Experiência espiritual é também cognitiva

A plasticidade cerebral é uma característica humana. Os nossos hábitos (bons ou maus) levam a um religar das sinapses cerebrais que nos permitem ir mais além na compreensão do mundo. Isso significa, para mim, que a história da espécie humana tem ainda muitas páginas de criatividade evolutiva por escrever. A nossa história está longe do fim.

Foi neste momento que pensei no relacionamento com Deus. Eu sei que algumas pessoas questionam o papel da dimensão espiritual da vida, mas ao contrário da leitura, essa está presente na espécie humana desde que começou a andar pelos seus pés. Advém de uma impressão interior de haver algo para além de nós mesmos. Depois, essa impressão evolui em cada um de nós numa manifestação de carácter religioso, ou seja, que nos “re-liga” a esse algo, e para a maior parte, Alguém.

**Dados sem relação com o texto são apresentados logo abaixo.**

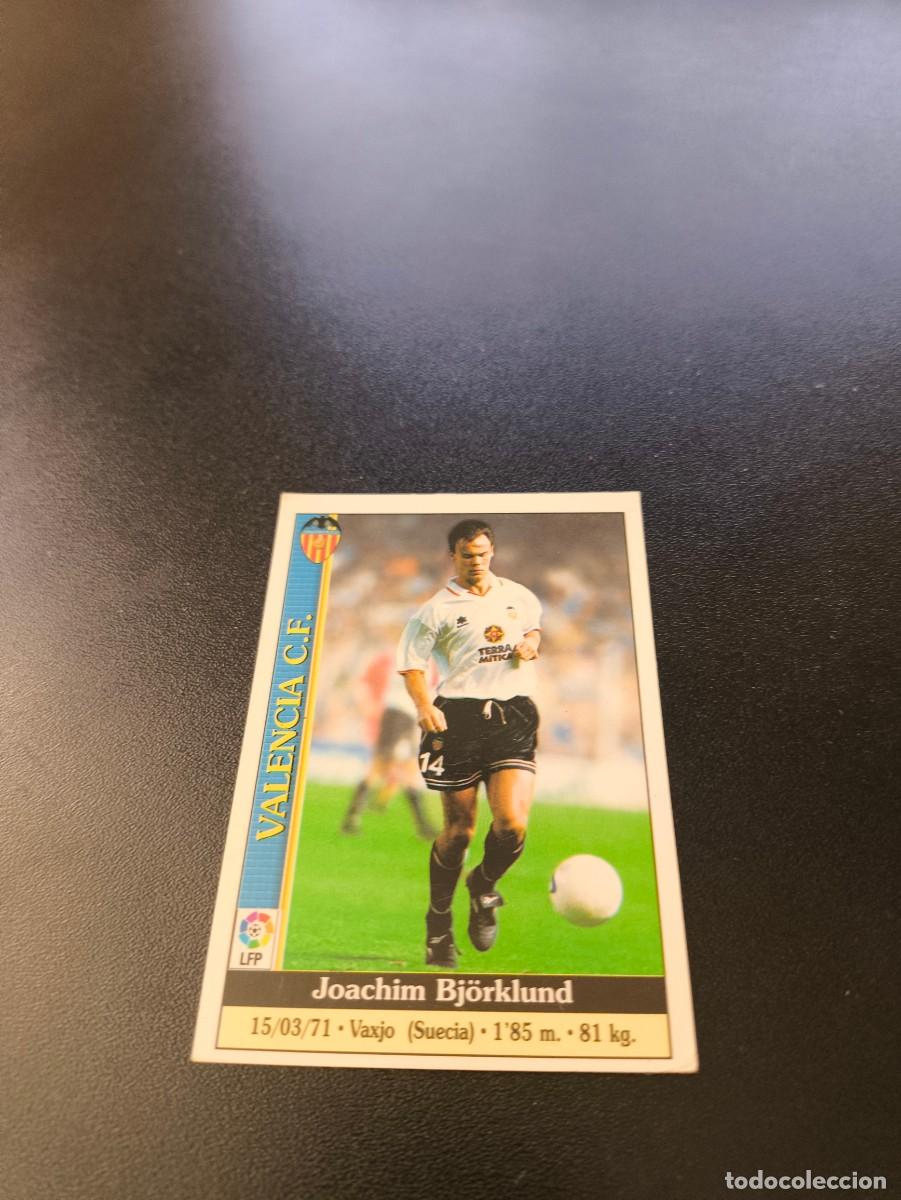 Football Stickers: 65 Bjorklund VALENCIA MUNDICROMO FICHAS LIGA 1999 2000 99 00 NO PANINI ESTE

Se pensares bem, a experiência cognitiva que fazes ao ler possui muitos dos traços da experiência cognitiva que fazes ao rezar. Uma tensão na cabeça. Uma exigência de concentração. A necessidade de um silêncio. Um impulso a partilhar com os outros a experiência. Por isso, não me admira que muitos rezam, lendo.

Rezar lendo

Plasticidade cerebral da oração

Nesse sentido, a oração pode despertar um momento de plasticidade cerebral que nos abre cada vez mais e melhor ao que está para além de nós mesmos. Uma abertura que não nos fecha sobre nós mesmos, mas impulsiona a estar mais atentos ao contexto que nos rodeia. Aquela pessoa que precisa da nossa atenção. Aquele a quem podemos dar uma mão.

Se o nosso cérebro não foi feito para a leitura e com esse esforço entramos num passo evolutivo em frente, talvez também não tenha sido feito para a oração (como o demonstra o número de pessoas a-religiosas), mas com esforço, qual o passo evolutivo que a dimensão espiritual da vida nos conduz?

Pela fraternidade universal que essa dimensão tem gerado nos últimos séculos, eu diria que nos conduz a uma espécie mais humana.